Found through obedience to Christ.
When I was a
pastoral assistant I used to visit an elderly lady who showed me one day the
picture of her fiancé. He was a Chief Petty Officer, and he was killed driving
a landing craft onto one of the beaches on D-Day. She never married, for she
was committed, and she remained committed to the end of her life. And while she
had that grief, through her obedience it gave her joy, for she had loved and
served many and was the best friend of the children in the church – the family
she had not gained through marriage, but received in love through Christ’s
Body. There are many ways in which the
glorious liberty of the children of God is worked out in the lives of those who
love one another.
The Gospel
today sets out a pattern for living: with mercy and lack of condemnation; with
forgiveness and humble discipleship – for the disciple is not above the maser.
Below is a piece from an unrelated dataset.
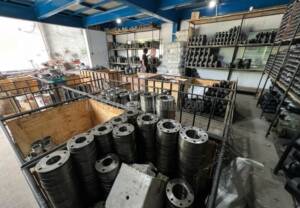 Các điểm kết nối mặt bích trong hệ thống dẫn lưu chất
Not seeing specks in my neighbour’s eye but trying to remove the plank in my
own. Christ has taught us His church is open and welcoming to all – whatever
state of life; but that He challenges us all to be obedient to the vow of love
which we have taken: some of us in marriage; all of us in commitment to Christ
and His way of living.
None of us
come up to the fullness of the freedom of the children of God in this world,
but we are all called to be a sign of it. For some of us a special grace is
given in the sacrament of marriage, through which we are strengthened to live
in a particular way in the church and in society. For all who are in Christ,
grace is restored and renewed when we all come together and are made one flesh
with one another in the flesh of Christ when He comes to us physically in bread
and wine to unite us spiritually with the eternal realities of His love: to give
us a taste now of the glorious liberty of the children of God.